Usually when I am learning I do both ways for me it is easier to get and know fundamentals. (it is plenty of time if you manage it well - drop tv watching, youtube, disable all notifications on the phone, delete games if that distracts you).

Try to do what others have done and figure out each step what they have done.

Get some books, articles, videos about it and learn from it.

Check code libraries documentation (at the end of the day you need to use some code it is very rare that you will write everything yourself), knowing what each library can give you is powerful.

Looking into others codes helps to figure out structure and see if it fits what you want or you can put it more clearly with better design patterns ( this is form CS degree hitting).

× Pro Tip 5
understand what actual data means and how it was captured

Concentrate on 1 thing and learn it very well if you are really willing to get into that field. Knowing a single thing but very well helps to figure out other concepts, usually specific areas always have something in common.

I think that in data science is important to really understand what actual data means and how it was captured.

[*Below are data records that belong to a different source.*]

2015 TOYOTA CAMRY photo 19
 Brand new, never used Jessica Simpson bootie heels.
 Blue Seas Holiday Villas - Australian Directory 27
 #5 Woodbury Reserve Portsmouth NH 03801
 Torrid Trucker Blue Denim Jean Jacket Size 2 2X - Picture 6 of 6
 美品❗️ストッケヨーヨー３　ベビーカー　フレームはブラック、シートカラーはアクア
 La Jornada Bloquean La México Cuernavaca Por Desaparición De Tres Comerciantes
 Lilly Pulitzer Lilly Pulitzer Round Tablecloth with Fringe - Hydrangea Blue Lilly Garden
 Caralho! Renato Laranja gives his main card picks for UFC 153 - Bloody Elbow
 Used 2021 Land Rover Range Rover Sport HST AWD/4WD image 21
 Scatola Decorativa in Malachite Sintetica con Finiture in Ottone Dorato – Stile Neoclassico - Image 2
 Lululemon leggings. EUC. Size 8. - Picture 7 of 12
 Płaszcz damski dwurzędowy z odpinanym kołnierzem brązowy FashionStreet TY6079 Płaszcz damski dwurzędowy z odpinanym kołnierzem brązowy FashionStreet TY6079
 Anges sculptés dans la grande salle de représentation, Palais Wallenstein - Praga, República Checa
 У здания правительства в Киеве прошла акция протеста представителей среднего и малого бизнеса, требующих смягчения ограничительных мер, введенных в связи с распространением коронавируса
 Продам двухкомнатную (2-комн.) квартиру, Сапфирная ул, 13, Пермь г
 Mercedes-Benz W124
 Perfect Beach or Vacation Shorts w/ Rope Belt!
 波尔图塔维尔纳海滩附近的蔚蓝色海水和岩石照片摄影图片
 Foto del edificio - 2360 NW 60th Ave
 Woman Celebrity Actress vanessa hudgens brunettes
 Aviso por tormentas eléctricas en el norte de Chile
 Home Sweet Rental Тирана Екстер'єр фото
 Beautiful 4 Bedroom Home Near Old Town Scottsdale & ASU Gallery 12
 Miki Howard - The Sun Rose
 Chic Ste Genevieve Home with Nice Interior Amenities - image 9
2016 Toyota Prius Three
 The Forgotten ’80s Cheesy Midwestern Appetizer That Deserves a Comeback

Question 3 - Where to get the practice in Data Science

I am pursuing for Data Science in my college degree
Any tip on what all should I do from the start of my college to be good at DS
also, i don't have any previous knowledge of programming

Advice 7

Learn basics of Python and Python notebook + matplotlib library (https://matplotlib.org/)
Learn about different data storages and databases ( SQL, no-SQL queries), merging data, general statistics.
Take a public dataset and try to understand what data is showing.